In 2015, I vowed to raise a minimum of $4000 for World Vision Australia and take on the mighty climb to Everest Base Camp.
Call me arrogant, but I wasn’t really phased by the task (of fundraising that is; the trek is another matter altogether!) This is because I believe in the power of social media and how we can use the medium for good. So I set about raising said $4000 solely using social media and guess what … it worked!
Charity is my passion. It’s something I will always include in my work and personal life. I believe that we can always help our fellow man, no matter what situation we are in. That’s why these trips are perfect for me.
Fundraising for Everest was a personal challenge of mine, which is why I decided to put my social media prowess and professional skills to the test. I have over the years contracted to Charity Challenge tourism companies. My role is to encourage interested participants to take on an adventure and support them with their fundraising. My first fundraising stop is always online tools and now I shall share with you some of the strategies I used to make my campaign successful in a mere four months.

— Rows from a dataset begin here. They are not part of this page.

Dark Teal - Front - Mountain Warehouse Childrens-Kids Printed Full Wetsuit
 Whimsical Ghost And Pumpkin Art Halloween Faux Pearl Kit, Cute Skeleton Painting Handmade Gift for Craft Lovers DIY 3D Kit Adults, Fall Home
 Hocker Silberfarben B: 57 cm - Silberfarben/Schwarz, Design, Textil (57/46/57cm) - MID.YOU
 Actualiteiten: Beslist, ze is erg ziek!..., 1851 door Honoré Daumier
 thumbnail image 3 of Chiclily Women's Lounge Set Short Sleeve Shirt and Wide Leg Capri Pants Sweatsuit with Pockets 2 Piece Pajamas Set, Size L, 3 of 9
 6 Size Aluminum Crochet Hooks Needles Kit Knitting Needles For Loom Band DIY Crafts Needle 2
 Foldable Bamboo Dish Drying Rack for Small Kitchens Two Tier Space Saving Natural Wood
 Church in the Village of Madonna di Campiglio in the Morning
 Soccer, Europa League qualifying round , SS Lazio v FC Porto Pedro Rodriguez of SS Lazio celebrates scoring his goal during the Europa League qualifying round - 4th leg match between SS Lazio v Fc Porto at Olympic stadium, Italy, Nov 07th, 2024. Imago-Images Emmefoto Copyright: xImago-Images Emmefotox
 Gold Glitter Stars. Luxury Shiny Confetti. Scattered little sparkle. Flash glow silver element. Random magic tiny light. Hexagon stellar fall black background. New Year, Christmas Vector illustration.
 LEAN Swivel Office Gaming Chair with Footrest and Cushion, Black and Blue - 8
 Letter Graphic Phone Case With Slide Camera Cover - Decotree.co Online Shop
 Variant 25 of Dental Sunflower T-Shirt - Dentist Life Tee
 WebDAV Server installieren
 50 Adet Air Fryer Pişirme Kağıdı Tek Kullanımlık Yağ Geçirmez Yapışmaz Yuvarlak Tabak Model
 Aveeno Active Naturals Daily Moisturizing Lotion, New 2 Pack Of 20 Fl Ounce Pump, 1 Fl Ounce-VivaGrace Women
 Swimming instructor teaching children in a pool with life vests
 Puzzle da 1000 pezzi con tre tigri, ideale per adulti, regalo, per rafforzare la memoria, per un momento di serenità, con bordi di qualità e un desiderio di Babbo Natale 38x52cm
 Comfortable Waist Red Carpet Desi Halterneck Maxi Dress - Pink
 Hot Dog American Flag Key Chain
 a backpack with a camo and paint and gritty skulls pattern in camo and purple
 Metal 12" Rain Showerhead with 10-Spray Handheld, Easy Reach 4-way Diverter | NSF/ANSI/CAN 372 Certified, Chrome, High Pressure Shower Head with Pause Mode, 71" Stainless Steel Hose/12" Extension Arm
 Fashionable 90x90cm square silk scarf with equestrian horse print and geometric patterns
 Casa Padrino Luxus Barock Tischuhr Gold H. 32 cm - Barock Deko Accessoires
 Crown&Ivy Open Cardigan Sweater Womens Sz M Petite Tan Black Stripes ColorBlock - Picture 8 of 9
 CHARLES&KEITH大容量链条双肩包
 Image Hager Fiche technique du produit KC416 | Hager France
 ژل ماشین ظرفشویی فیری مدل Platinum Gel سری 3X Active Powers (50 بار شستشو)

These are my key actions that helped me hit the $4000 target:
Campaign focal point
With any social media campaign, there should be a goal and a reason behind your messages. My goal was to get people to my fundraising page to hand their hard-earned cash over to the amazing World Vision Australia. The focal point was thus my fundraising page. All activities and actions drove people to the page; whether that activity be a tweet, a Facebook post, an Instagram photo or a Linkedin update. The link would always go back to my fundraising page, the centre of my campaign world: https://everest2015.everydayhero.com/au/emma-takes-on-the-best-trek-everest
Call to action
What are you trying to get people to do? In this case, I wanted them to donate. So my call to action was “GIVE ME MONEY!” Well, in a slightly calmer and more approachable tone of course; whether it is by asking people to give generously, spare a few dollars or make a donation in lieu of a physical gift. I wanted people to give money, and this was the key to the messages I sent out. The result, hallelujah, they gave money.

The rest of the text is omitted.